For the time being, the domain name <statefarm-car-insurance.com> redirects Internet users to the <homestead.com> webpage, a webpage which advertises website design services. The Panel finds that such use of the confusingly similar disputed domain name to redirect Internet users to a website unrelated to Complainant as commenced by the initial registrant is neither a bona fide offering of goods or services pursuant to Policy ¶ 4(c)(i) nor a legitimate noncommercial or fair use pursuant to Policy ¶ 4(c)(iii).  See Bank of Am. Fork v. Shen, FA 699645 (Nat. Arb. Forum June 11, 2006) (finding that the respondent’s use of a domain name to redirect Internet users to websites unrelated to a complainant’s mark is not a bona fide use under Policy ¶ 4(c)(i)); see also WeddingChannel.com Inc. v. Vasiliev, FA 156716 (Nat. Arb. Forum June 12, 2003) (finding that the respondent’s use of the disputed domain name to redirect Internet users to websites unrelated to the complainant’s mark, websites where the respondent presumably receives a referral fee for each misdirected Internet user, was not a bona fide offering of goods or services as contemplated by the Policy).

 

However, there are no supporting documents on which it might be possible to allocate the true date of transfer of the contested domain name and to establish whether the current owner has ever had an opportunity to start any legitimate noncommercial or fair use of the domain name.

 

This, actually, prevents the Panel to make the accurate analysis of the case and provide grounded legal findings regarding Policy Paragraphs 4(a)(ii) and 4(a)(iii).

 

Notwithstanding the above reservation, in a circumstance such as this, where Respondent has not contested the transfer of the disputed domain name but instead agrees to transfer the domain name in question to Complainant, the Panel has decided to accept the Response in making its decision, and notes that Respondent has chosen not to challenge any of Complainant’s assertions but, rather, to agree to transfer the disputed domain names to Complainant in satisfaction of Complainant’s requested remedy. (See Boehringer Ingelheim Int’l GmbH v. Modern Ltd. – Cayman Web Dev., FA 133625 (Nat.
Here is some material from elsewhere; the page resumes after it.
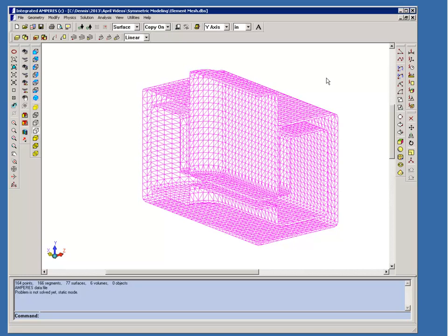So if you can take advantage of symmetry in your models, in this case this model solves in only one-sixth the time of a full model. So there's a significant advantage in the solution time and also in calculating post-processing.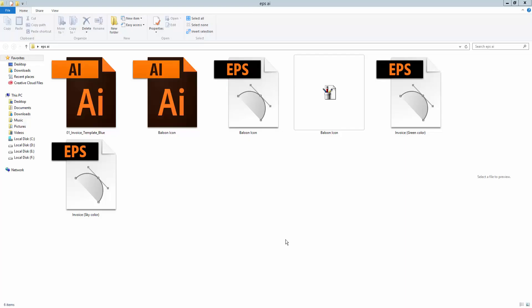Assalamualaikum, how are you everyone? In this video I will show you how to edit an EPS file into a Microsoft Word document. Let's get started.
Arb. Forum Jan. 9, 2003) (transferring the domain name registration where the respondent stipulated to the transfer); see also Malev Hungarian Airlines, Ltd. v. Vertical Axis Inc., FA 212653 (Nat Arb. Forum Jan. 13, 2004) (“In this case, the parties have both asked for the domain name to be transferred to the Complainant . . . Since the requests of the parties in this case are identical, the Panel has no scope to do anything other than to recognize the common request, and it has no mandate to make findings of fact or of compliance (or not) with the Policy.”); see also Disney Enters., Inc. v. Morales, FA 475191 (Nat. Arb. Forum June 24, 2005) (“[U]nder such circumstances, where Respondent has agreed to comply with Complainant’s request, the Panel felt it to be expedient and judicial to forego the traditional UDRP analysis and order the transfer of the domain names.”).

 

DECISION

Respondent has stipulated that the domain name <statefarm-car-insurance.com> be transferred to Complainant, and, accordingly, the Panel concludes that relief shall be GRANTED.

 

Accordingly, it is Ordered that the <statefarm-car-insurance.com> domain name be TRANSFERRED from Respondent to Complainant.